# [Required action]
Everything from the line with "Autocollant Gitane Testi" to the line with "Camels Hump Vermont" in the listing below, both lines included, needs to be copied exactly, apart from the pictures.

# [The data]
..............................

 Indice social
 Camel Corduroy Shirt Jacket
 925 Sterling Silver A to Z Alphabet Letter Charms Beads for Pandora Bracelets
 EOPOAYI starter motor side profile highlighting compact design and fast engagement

..............................

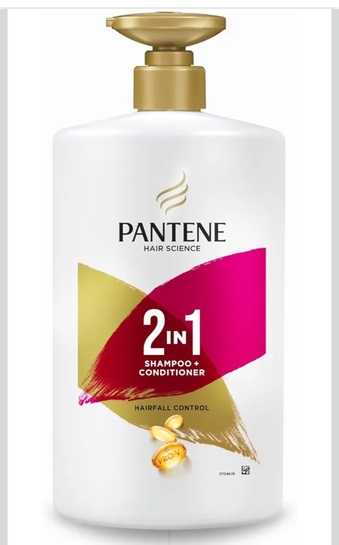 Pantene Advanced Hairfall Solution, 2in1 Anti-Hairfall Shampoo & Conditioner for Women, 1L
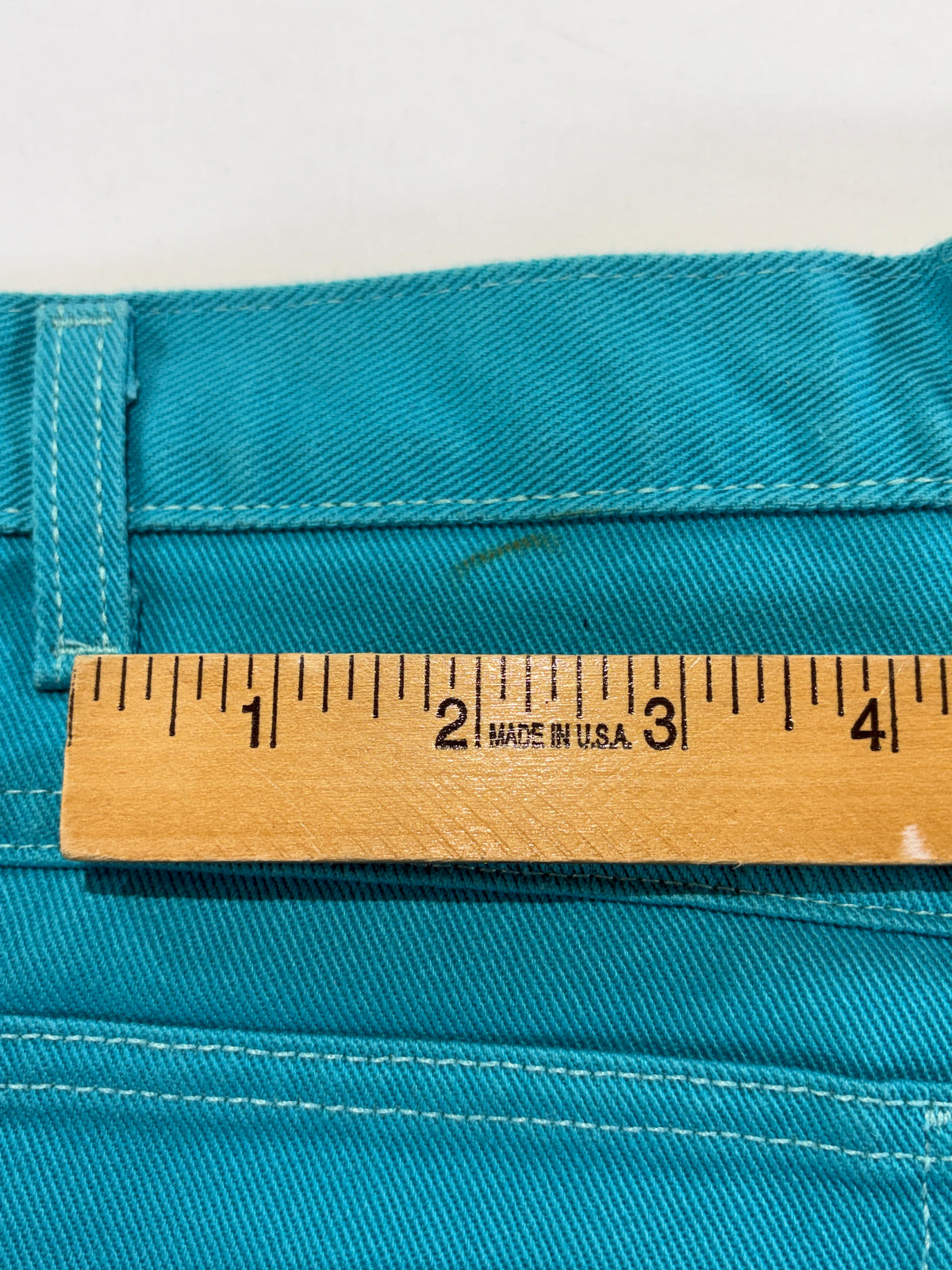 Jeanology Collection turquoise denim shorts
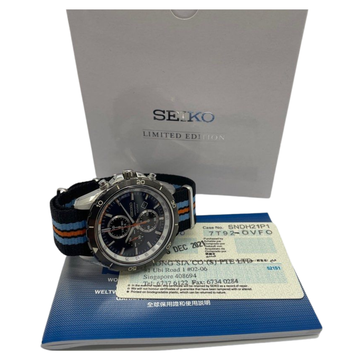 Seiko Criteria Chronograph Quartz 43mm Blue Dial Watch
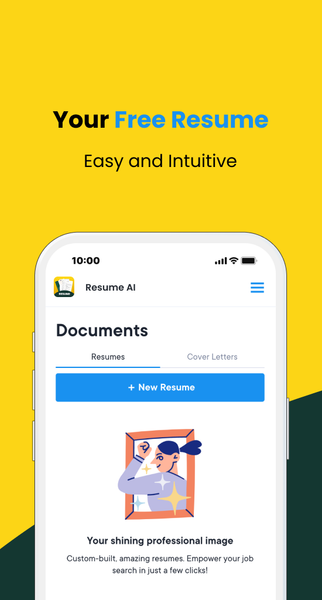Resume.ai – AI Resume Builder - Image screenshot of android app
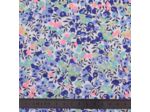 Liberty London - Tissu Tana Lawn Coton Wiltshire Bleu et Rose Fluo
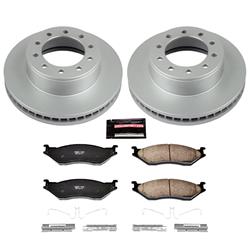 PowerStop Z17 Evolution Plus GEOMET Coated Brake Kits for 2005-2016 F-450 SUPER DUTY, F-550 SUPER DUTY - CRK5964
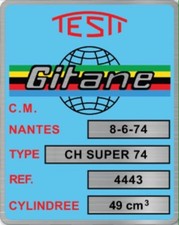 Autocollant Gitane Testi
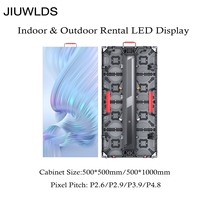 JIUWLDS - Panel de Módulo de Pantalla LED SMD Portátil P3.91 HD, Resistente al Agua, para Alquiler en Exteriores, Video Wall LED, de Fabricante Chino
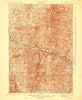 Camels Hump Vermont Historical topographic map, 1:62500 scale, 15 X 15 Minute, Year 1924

..............................

# [Written answer]
 Autocollant Gitane Testi
 JIUWLDS - Panel de Módulo de Pantalla LED SMD Portátil P3.91 HD, Resistente al Agua, para Alquiler en Exteriores, Video Wall LED, de Fabricante Chino
 Camels Hump Vermont Historical topographic map, 1:62500 scale, 15 X 15 Minute, Year 1924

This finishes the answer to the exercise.